Resistance Band Squats: How to Perform 3 Banded Squat Variations

The resistance band squat is an excellent exercise to perform when working out at home.

The band provides extra resistance for you to progress with the lower body exercise.

Additionally, the squat is a foundational movement pattern that should be incorporated into your workout routines assuming you are healthy enough to do so.

So, if you’re interested in taking your at-home workouts to the next level, consider investing in a pair of solid resistance bands and begin adding some of these exercise variations into your full body workouts or leg days.

1. Traditional Banded Squat

This variation will likely be the most comfortable for your average person. If you have been performing regular bodyweight squats for a while and have achieved better mobility and depth in your squat, you may want to progress to a banded squat.

The banded squat will work the muscles of the lower body. This includes the hamstrings, quads, glutes, and calves.

For someone looking to add the banded squat to their workout routine, they can do so by adding it to their full body workout. You may also add it in as a main movement for an at-home lower body workout.

A good starting point is 2-3 sets of 6-12 repetitions. If you are a beginner, stick to the lower end of the recommendations. If you’ve been working out for a few weeks, you may be able to begin with the higher end of the recommendations.

How to perform the resistance band squat:

  1. Align the band on the floor with the midpoint of the band aligned with the midpoint of your torso.
  2. Step onto the band with your feet about shoulder width apart. Your feet can point out up to 30* if that is most comfortable to you.
  3. Grasp the band handles or loops and bring them to about shoulder height.
  4. Tighten your core.
  5. Begin to squat by driving your hips back and bending at the knees. Pretending you are taking a seat in a chair can help you accomplish the movement pattern. Continue the movement until you reach slightly below parallel or to a depth your mobility allows.
  6. Reverse the movement by driving into your heels and straightening your legs until you return to an upright stance.
  7. Repeat for the desired number of repetitions.

2. Wide Stance Banded Squat

Taking a wider stance during a squat will put more emphasis on your glutes. This can be helpful if you have a goal of building strength in your glutes for aesthetic or strength purposes.

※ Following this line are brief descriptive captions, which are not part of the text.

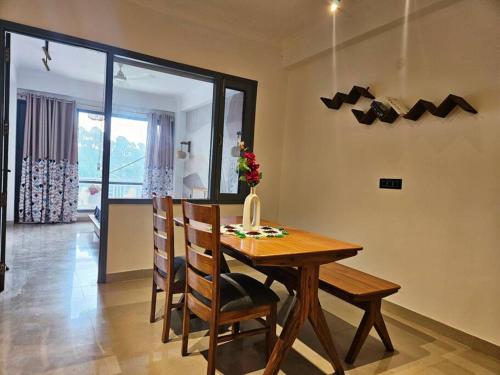 a dining room with a wooden table and chairs at Luxury home with projector room near Kasauli in Dagshai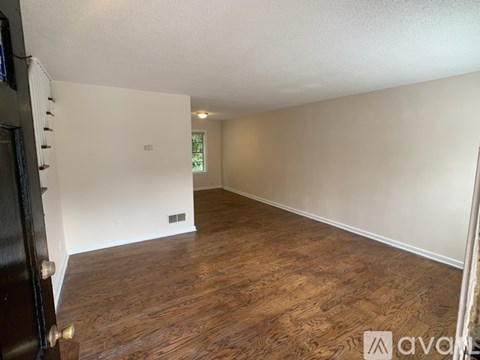 A room with wooden flooring and white walls.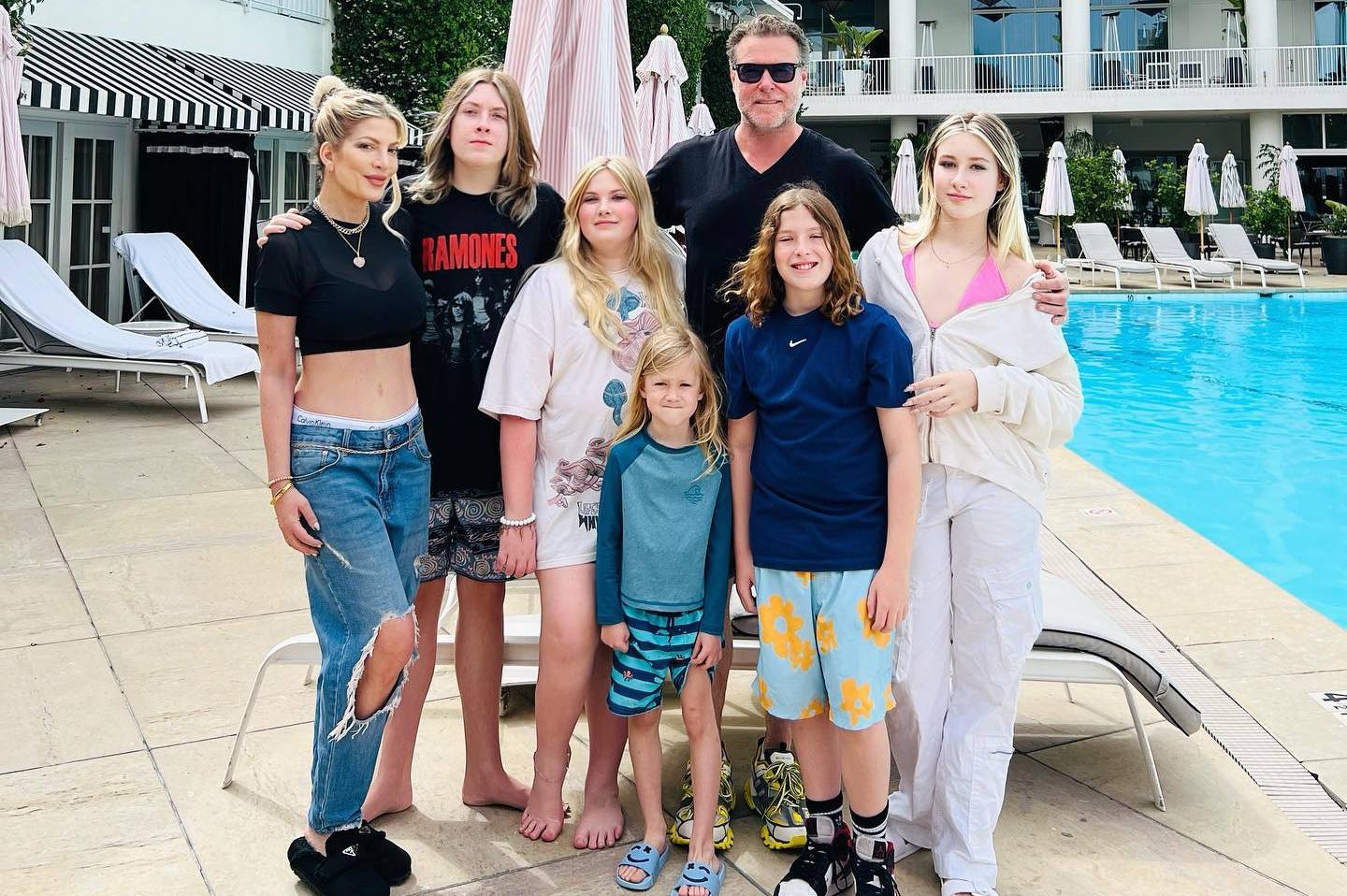Photo shared by Tori Spelling on June 15 2023 tagging @imdeanmcdermott @beverlyhilton @stella mcdermott08 @hattie mid and @liammcdermott . May be an image of 4 people blonde hair pool caba 001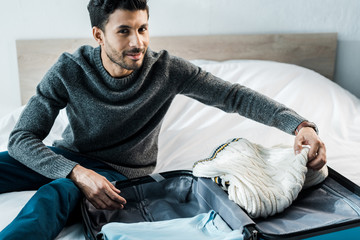 handsome and smiling bi-racial man in sweater packing travel bag in apartment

The wider stance will also increase the resistance the band provides on the movement. Keep this in mind when selecting the band you will use for the exercise.

Wide Stance banded squats can be performed as a main movement or as an accessory exercise depending on your goals.

How to perform the wide stance banded squat:

  1. Align the band on the floor with the midpoint of the band aligned with the midpoint of your torso.
  2. Step onto the band with your feet outside shoulder width apart. Your feet can point out up to 30* if that is most comfortable to you.
  3. Grasp the band handles or loops and bring them to about shoulder height.
  4. Tighten your core.
  5. Begin to squat by driving your hips back and bending at the knees. Pretending you are taking a seat in a chair can help you accomplish the movement pattern. Continue the movement until you reach slightly below parallel or to a depth your mobility allows.
  6. Reverse the movement by driving into your heels and straightening your legs until you return to an upright stance.
  7. Repeat for the desired number of repetitions.

3. Narrow Stance Banded Squat

Narrow stance banded squats will put more emphasis on the quads. Since the band is less stretched due to your foot placement on the band, this exercise may seem easier from a resistance standpoint. If you find this to be the case, you can select a thicker resistance band to provide more of a challenge.

That said, the narrow stance may prove to be more challenging for some. Especially if you tend to lack the mobility to reach parallel with a mor narrow stance.

If your goal is to build strength in your quads, this might be a good variation to either incorporate as the main squat movement of your workout routines or as an accessory exercise.

How to perform the narrow stance banded squat:

  1. Align the band on the floor with the midpoint of the band aligned with the midpoint of your torso.
  2. Step onto the band with your feet inside shoulder width apart. Your feet can point out up to 30* if that is most comfortable to you.
  3. Grasp the band handles or loops and bring them to about shoulder height.
  4. Tighten your core.
  5. Begin to squat by driving your hips back and bending at the knees. Pretending you are taking a seat in a chair can help you accomplish the movement pattern. Continue the movement until you reach slightly below parallel or to a depth your mobility allows.
  6. Reverse the movement by driving into your heels and straightening your legs until you return to an upright stance.
  7. Repeat for the desired number of repetitions.

Conclusion

In this article, we discussed 3 different squat variations you can perform with a resistance band. With the versatility resistance bands can provide, these banded squats are perfect for someone looking to workout at home, while traveling, or while enjoying the great outdoors.

As mentioned, you could incorporate any of these resistance band squats into your workouts, or pair them with banded deadlifts and perform all 3 variations for an excellent banded leg workout. To do this, simply perform 2-5 sets of 8-15 reps of each squat variation.